Catch Donald Trump Tampering with Public Data
Status: alpha, but ready to go. People to test, and outright use, needed!
Python scripts to monitor public data and prove that it's been changed.
The idea: suppose Donald Trump goes full 1984 and tampers with government data. For example, modifying climate data to conceal evidence of human generated climate change. That's bad. Wouldn't you like to catch him? minitrue can help.
minitrue will take a list of URLS that you give it. Then it will go to those URLs, save their contents to disk, and tweet out a (sha256) hash of the contents.
Then suppose Trump (or some evil corporation, or whomever's data you want to monitor) changes it. The next time minitrue runs (you should set it to run every day), it'll see that the hash has changed, and it will tweet out the fact of the change.
Because you posted the original hash on Twitter, and Twitter maintains a record of dates posted and doesn't allow editing, you can reasonably well prove that the file existed in its original form on the date you originally posted it. Take that evidence, plus the two files, and go wild---media, lawsuits, whatever your little citizen-of-a-goddamn-democracy-no-matter-what-Donald-Trump-thinks heart desires.
The second nasty trick: the tweets never contain the name or description of the document being monitored. (A unique id is assigned to make it easier to correlate them later.) So nobody can tell just from reading your Twitter which documents you are monitoring.
The more people who use it, the more threatening it is: the ultimate idea is to deter document tampering by making it impossible to know which documents are being watched---to create a digital panopticon to keep Donald Trump/whomever else in line.
-
Python 3.5+
-
the tweepy library (
pip install tweepy
) -
the requests library (
pip install requests
) -
a twitter account with developer access set up
-
Clone or download this repo, and put it somewhere where it will be able to run from.
-
Make addurl.py and minitrue.py executable (
chmod +x
). Optionally add appropriate shebangs, rename those two files, etc. (don't rename any of the others). -
Run addurl.py to create a list of urls to monitor.
-
Store your twitter developer credentials in a file called "twittercreds.json" in the same directory. Format fields are 'consumer_key', 'consumer_secret', 'access_token', and 'access_secret', which are all in the order given in the twitter dev page. Digitalocean has a helpful tutorial for getting this part set up.
-
Set minitrue.py to run at regular intervals (I suggest daily) using a cron job, or launchd on mac. For tentative instructions on doing a cron job, see crontab.md in this repo. For a starting point in running automated jobs on a mac, see this blog post and links therein.
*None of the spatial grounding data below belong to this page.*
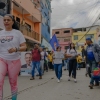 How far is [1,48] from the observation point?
11.7ft

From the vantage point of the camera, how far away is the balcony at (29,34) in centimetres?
1958

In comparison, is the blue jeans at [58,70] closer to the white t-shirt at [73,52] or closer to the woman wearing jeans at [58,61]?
→ the woman wearing jeans at [58,61]

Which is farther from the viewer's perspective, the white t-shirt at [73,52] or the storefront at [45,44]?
the storefront at [45,44]

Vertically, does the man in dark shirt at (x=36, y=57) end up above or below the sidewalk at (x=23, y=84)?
above

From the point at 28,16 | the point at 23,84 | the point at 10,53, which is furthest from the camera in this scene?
the point at 28,16

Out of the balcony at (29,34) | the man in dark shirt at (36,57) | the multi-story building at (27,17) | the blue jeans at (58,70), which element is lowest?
the blue jeans at (58,70)

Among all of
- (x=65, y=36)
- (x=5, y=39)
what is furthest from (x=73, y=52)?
(x=65, y=36)

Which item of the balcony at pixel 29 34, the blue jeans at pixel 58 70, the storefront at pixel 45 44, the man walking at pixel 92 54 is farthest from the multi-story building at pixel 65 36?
the man walking at pixel 92 54

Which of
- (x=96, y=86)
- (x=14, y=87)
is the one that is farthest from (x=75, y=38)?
(x=14, y=87)

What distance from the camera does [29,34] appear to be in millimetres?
21484

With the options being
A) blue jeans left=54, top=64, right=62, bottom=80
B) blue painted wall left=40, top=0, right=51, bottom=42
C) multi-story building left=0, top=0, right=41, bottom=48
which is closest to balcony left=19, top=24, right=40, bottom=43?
multi-story building left=0, top=0, right=41, bottom=48

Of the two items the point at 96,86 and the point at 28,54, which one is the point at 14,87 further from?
the point at 28,54

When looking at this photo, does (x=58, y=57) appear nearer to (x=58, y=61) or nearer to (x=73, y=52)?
(x=58, y=61)

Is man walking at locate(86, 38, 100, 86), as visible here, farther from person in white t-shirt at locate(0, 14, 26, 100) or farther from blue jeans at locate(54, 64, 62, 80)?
person in white t-shirt at locate(0, 14, 26, 100) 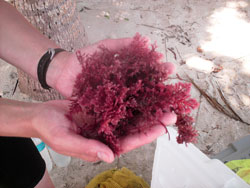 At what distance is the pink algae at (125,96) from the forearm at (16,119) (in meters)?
0.22

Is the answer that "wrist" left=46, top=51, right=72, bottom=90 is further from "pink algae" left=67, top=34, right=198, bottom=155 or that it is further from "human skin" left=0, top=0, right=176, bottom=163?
"pink algae" left=67, top=34, right=198, bottom=155

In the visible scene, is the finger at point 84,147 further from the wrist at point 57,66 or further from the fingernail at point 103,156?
the wrist at point 57,66

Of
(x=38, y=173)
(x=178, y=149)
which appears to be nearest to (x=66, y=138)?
(x=38, y=173)

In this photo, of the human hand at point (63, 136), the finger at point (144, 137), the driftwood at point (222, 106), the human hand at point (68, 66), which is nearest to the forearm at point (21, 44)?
the human hand at point (68, 66)

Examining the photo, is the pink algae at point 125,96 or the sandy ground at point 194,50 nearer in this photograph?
the pink algae at point 125,96

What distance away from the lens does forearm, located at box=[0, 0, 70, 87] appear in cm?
162

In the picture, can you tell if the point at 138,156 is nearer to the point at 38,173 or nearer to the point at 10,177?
the point at 38,173

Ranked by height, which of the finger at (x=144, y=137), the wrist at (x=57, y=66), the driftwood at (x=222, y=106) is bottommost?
the driftwood at (x=222, y=106)

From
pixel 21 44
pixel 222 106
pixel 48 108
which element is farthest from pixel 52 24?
pixel 222 106

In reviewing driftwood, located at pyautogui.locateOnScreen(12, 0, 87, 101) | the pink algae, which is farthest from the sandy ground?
the pink algae

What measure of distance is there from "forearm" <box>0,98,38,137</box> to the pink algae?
22cm

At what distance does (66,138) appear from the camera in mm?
1209

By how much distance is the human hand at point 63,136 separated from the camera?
3.87 feet

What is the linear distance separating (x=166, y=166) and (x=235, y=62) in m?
2.19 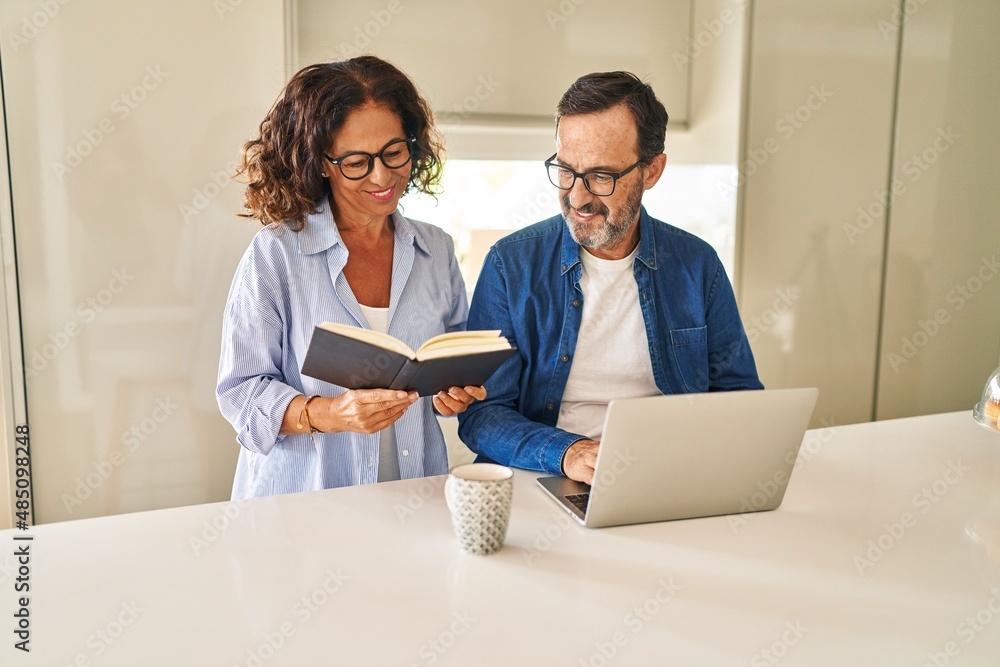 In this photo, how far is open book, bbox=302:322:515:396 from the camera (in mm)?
1394

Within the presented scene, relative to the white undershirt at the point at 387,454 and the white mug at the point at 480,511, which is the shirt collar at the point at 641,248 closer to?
the white undershirt at the point at 387,454

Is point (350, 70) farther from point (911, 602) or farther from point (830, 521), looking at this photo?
point (911, 602)

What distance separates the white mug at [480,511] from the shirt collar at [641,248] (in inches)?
31.1

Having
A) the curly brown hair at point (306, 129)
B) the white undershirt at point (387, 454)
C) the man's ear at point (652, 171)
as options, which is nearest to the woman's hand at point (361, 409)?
the white undershirt at point (387, 454)

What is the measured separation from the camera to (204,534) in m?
1.32

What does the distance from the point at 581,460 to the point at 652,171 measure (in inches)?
32.3

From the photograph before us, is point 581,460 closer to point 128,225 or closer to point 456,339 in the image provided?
point 456,339

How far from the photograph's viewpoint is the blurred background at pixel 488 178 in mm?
2291

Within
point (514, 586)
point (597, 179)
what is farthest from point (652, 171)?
point (514, 586)

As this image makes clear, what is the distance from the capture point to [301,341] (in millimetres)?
1801

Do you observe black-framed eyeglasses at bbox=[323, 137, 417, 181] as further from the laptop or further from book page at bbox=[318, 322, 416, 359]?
the laptop

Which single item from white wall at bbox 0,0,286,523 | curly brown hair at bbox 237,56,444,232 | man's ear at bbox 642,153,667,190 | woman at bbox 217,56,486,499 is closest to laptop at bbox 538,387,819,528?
woman at bbox 217,56,486,499

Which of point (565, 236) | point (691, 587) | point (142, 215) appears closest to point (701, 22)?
point (565, 236)

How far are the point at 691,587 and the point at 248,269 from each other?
3.75ft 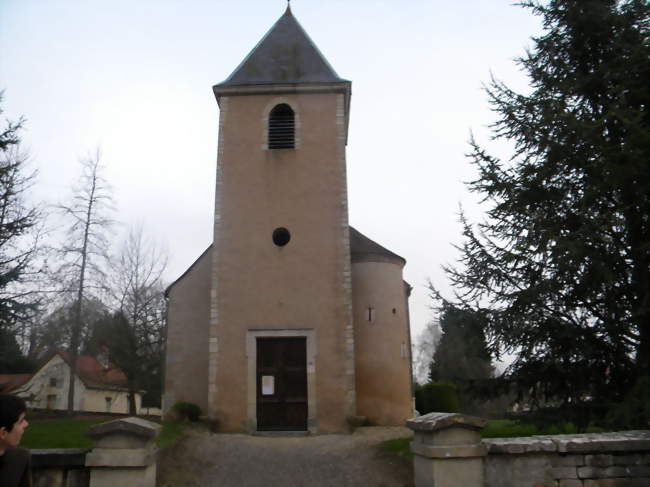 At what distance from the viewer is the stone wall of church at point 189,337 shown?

Twitter is a third party whom I obviously don't control. They might decide that running this violates their rules, or they might decide to do something crazy like permit editing. Or they might get compromised by the NSA. I recommend periodically taking the data minitrue generates (it's called "target.json") and using other means to prove that it existed in a given form on a given date too. Possibilities include everything from the old-fashioned "put in a securely sealed envelope and mail to yourself to generate a postmark," to sending through other reliable corporate servers (perhaps taking advantage of e-mail timestamping?), to fancy stuff like posting in blockchain transactions.
I'm not a security person. This is the best I can do, but other ideas for forensic verification of data at URLs would be appreciated.
Right now, no measures are being taken to conceal the fact that requests for URLs are coming from this script. This should change.
It's probably best to keep this on something that's on a lot---I'm going to be running it from a cheap VPS, personally.
This should be good to go in its current (0.1.0) version. But right now you kind of need to be pretty skilled to run it. So that's top priority to change.
In rough order of priority, here is what needs to happen next:
-
Setup scripts, or even GUI interface (!??!) and a frozen distributable executable (also proper oauth for twitter), to allow non-technical people to set up.
-
Windows compatibility (if it doesn't already exist. I don't even know.).
-
Some attempts to conceal web traffic coming from minitrue. (This could mean anything from user-agent switching, to randomizing request times, to adding noise requests to unmonitored documents, to tor or other ip concealment, to all of the above.)
-
Additional date verification methods beyond just posting to Twitter (especially blockchain-ey things).
-
If this gets popular enough to be worthwhile, funding for a hosted platform to set up and run monitors (preferably offshore, like in Switzerland) with a web interface.
Pull requests are greatly appreciated for these priorities or for anything else that might make this more secure or effective.